The newfound emphasis on discipleship didn’t surprise me too much, in part because it has become the hot topic in many churches today. It’s been made popular by well-known speakers such as David Platt, Francis Chan and Ed Stetzer. The “fad of discipleship” seems to produce new books by the hundreds and new 15 day, 30 day, and 40 day programs to becoming a committed disciple of Jesus Christ.
This intense church-wide interest in discipleship was aided a few years ago, when mega-church pastor, Bill Hybels, apologized for failing to produce disciples in his own church. He said,
We made a mistake. What we should have done when people crossed the line of faith and become Christians, we should have started telling people and teaching people that they have to take responsibility to become ‘self-feeders.’ We should have gotten people, taught people, how to read their bible between service, how to do the spiritual practices much more aggressively on their own.
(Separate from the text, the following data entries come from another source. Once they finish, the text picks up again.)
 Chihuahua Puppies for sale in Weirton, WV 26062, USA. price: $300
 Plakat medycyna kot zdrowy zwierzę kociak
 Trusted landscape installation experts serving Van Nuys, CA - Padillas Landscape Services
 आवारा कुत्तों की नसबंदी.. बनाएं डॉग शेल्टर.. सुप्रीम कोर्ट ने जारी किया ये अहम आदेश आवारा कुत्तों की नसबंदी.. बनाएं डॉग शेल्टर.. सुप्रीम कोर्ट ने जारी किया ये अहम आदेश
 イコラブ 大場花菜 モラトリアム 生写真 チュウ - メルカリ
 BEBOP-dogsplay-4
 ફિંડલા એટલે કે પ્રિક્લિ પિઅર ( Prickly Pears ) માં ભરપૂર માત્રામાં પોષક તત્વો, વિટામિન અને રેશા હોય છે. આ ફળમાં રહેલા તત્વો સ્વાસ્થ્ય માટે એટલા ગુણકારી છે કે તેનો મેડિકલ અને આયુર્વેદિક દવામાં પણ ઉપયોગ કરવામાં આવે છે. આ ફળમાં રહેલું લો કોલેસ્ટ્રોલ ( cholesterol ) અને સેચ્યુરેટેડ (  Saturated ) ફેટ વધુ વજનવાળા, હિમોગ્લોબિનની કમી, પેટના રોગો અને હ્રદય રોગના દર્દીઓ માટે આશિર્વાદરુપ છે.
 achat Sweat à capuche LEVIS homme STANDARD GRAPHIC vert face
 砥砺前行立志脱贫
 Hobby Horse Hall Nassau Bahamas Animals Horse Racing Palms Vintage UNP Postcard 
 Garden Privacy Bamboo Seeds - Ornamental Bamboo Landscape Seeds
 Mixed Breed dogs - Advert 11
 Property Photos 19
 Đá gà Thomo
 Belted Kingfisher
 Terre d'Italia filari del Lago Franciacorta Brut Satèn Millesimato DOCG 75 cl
And yet, with all of the attention, books and programs on discipleship I was surprised to hear what some of the other pastors across the table said during our meeting. They shared that (similar to Bill Hybels), although their churches were growing, although they had thriving youth, bible study and outreach ministries, the people in their congregations weren’t growing in Christ. In other words, they had plenty of converts, but very few disciples.
And even more surprising was that almost no one knew the solution to their disciple-making problems (that’s a little overstated of course, but you get my point)! Thankfully though, after hours of thoughtful discussion and prayer, our committee came to some important agreements that will hopefully help our denomination proceed in the right direction.
- We determined that elaborate church programs do not ensure discipleship. Prayer meetings, bible studies, Friday night youth group, and a hip “Connections Pastor” are not indicators of whether discipleship is actually happening in your church.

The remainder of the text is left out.